A feminist approach to the concept of ‘deportability’, as conceptualized by de Genova (2005), that goes beyond an understanding of the concept as mainly a labour migration issue.

Method

‘Ethnographic material consisting of in-depth interviews, field notes, memory notes from activist experiences, and debate and information material from asylum rights organizations as well as from authorities and politicians, gathered through interviews with refused asylum seekers and/or asylum rights activists, observations, and participation and activism in migration rights movements’ (p. 32). Focus on interview accounts of one heterosexual couple and one woman from Kosovo seeking asylum in Sweden, conducted between 2006 and 2008. 

Suggestions for further research

– The processes and intersections between policy areas, family norms, gender, and subjective experiences need to be further explored in order to enhance the knowledge of their complex consequences in the field of migration and border control.

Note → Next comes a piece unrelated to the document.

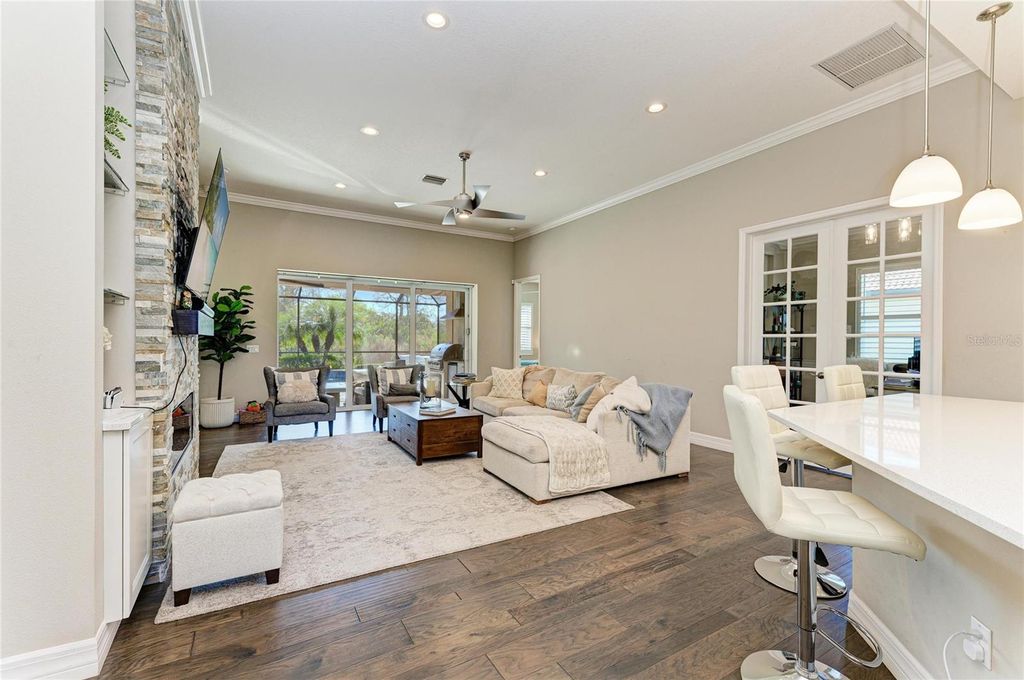 Image 7 of property listing at 4826 TOBERMORY WAY, Bradenton, FL 34211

– An intersectional analysis of migration, along with nationality, legal status, race, class, etc., is needed to further feminist understandings of the ways in which categorizations of migrants through ideas about vulnerabilities produce different kinds of effects, experiences, and exclusions in different political and legal contexts.

– Further investigating the feminist conceptualization of the welfare state, conducted in a way that also takes the intersections of migration status, citizenship, and non-citizens’ access to welfare services and social rights into account along with other central principles structuring differences in access to power, welfare, and recognition.